I am trying to understand the speculation=safe vs strict settings. The only information that I could find in the compiler manuals is the following:
strict : Tells the compiler to disable speculation on floating-point operations.
safe: Tells the compiler to disable speculation if there is a possibility that the speculation may cause a floating-point exception.
However this does not add up to the behavior I am observing for these options.
I would really appreciate If somebody could help clarify these options or point me to some more detailed documentation.
You quote the docs as saying that speculation=safe is sufficient to guarantee no FPE, but then say both that this works as expected and that it does not. Is it the same with -prec-div and -no-prec-div? If it's difficult to tell us which target ISA you prefer, it might be better that you examine the generated code yourself.
The speculation=safe works as expected, it is the speculation=strict that does not work as expected in my opinion.
The generated code for spedulation=safe looks like this (ifort 184.108.40.2064 , -xCORE-AVX2 -fp-speculation=safe)

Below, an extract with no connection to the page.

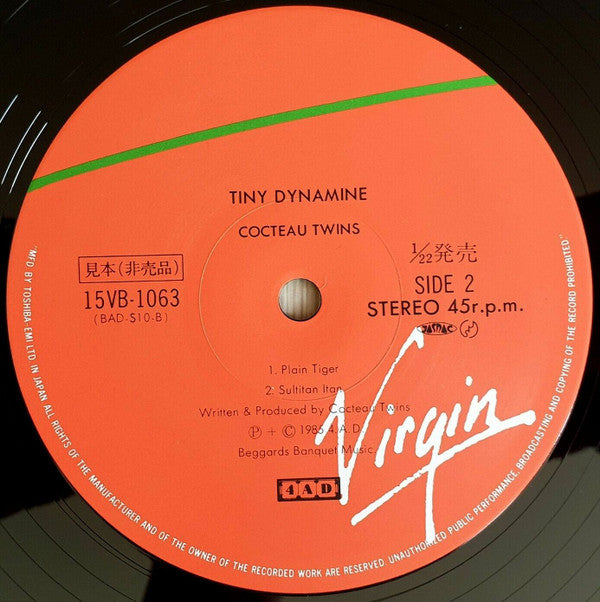 Cocteau Twins = コクトー・ツインズ* -Tiny Dynamine = タイニー・ダイナマイン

..B1.12: # Preds ..B1.12 ..B1.11 # Execution count [1.00e+03] vmovups qtest_$C.0.1(,%rax,4), %ymm2 #19.17 vmovups qtest_$A.0.1(,%rax,4), %ymm6 #20.19 vcmpneqps %ymm1, %ymm2, %ymm8 #19.26 vblendvps %ymm8, %ymm2, %ymm10, %ymm5 #20.19 vblendvps %ymm8, qtest_$B.0.1(,%rax,4), %ymm10, %ymm4 #20.19 vrcpps %ymm5, %ymm3 #20.19 vfnmadd213ps %ymm0, %ymm3, %ymm5 #20.19 vfmadd213ps %ymm3, %ymm3, %ymm5 #20.19 vmulps %ymm5, %ymm4, %ymm7 #20.19 vblendvps %ymm8, %ymm7, %ymm6, %ymm9 #20.19 vmovups %ymm9, qtest_$A.0.1(,%rax,4) #20.19 addq $8, %rax #17.15 cmpq $1000, %rax #17.15 jb ..B1.12 # Prob 99% #17.15
So the compiler has as expected inserted some vblendvps before vrcpps to protect against the FPE. The loop is still vectorized. (Those vblendvps are not there for the speculation=fast therefore an FPE is raised in that case)
My question is:
Why the speculation=strict option cannot generate a code like this and chooses to disable the vectorization altogether?

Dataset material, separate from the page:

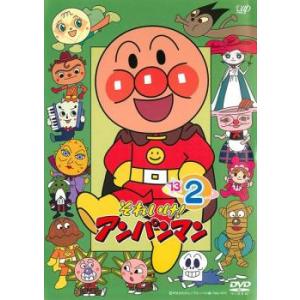 それいけ!アンパンマン '03 4 レンタル落ち 中古 DVD ケース無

The -prec-div does not seem to have any effect as far as the FPE safety is concerned, it just seem to replace the Newton-Raphson instructions with a vdivps
That goes to my point; the vdivps sequence would not introduce spurious FPE for subnormal values of c(:), so it might be considered less speculative. The situation would arise normally only with gradual underflow enabled, so the compiler may not consider it. If you wished your test to exclude subnormals, ABS(c(i)) >= TINY(c((i))) might do it; again, I don't expect the compiler to analyze deeply (nor can it do the entire job, since the -ftz options apply only to MAIN).

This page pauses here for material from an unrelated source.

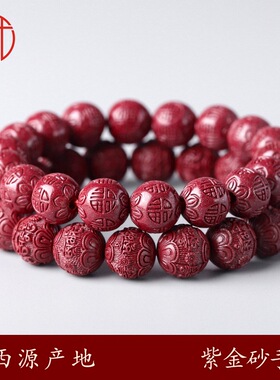 朱砂手链福珠手串高含量紫砂本命年首饰回纹佛珠饰品男女款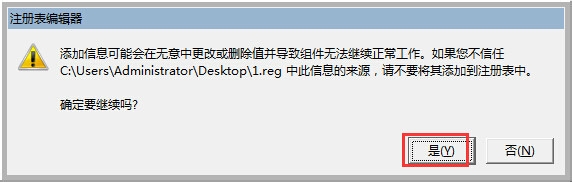 如何加快浏览器速度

As all AVX-capable CPUs have the performance fix where addition of subnormals doesn't incur a time-consuming trap, it seems that the default of abrupt underflow is more of a legacy compatibility thing than a necessary default. The possibility of subnormals becoming a performance issue for divide in normal applications is considered remote.
I haven't seen a study on the merits of avoiding -prec-div for current CPUs. It doesn't have nearly the performance impact it had in the past.
With your initializations, you don't expect subnormals. If the compiler were to perform constant propagation so as to have those values influence the generated code, I might expect the entire divide loop to be optimized away rather than eliminating consideration of subnormals. If it were to do that, vectorization also could be suppressed.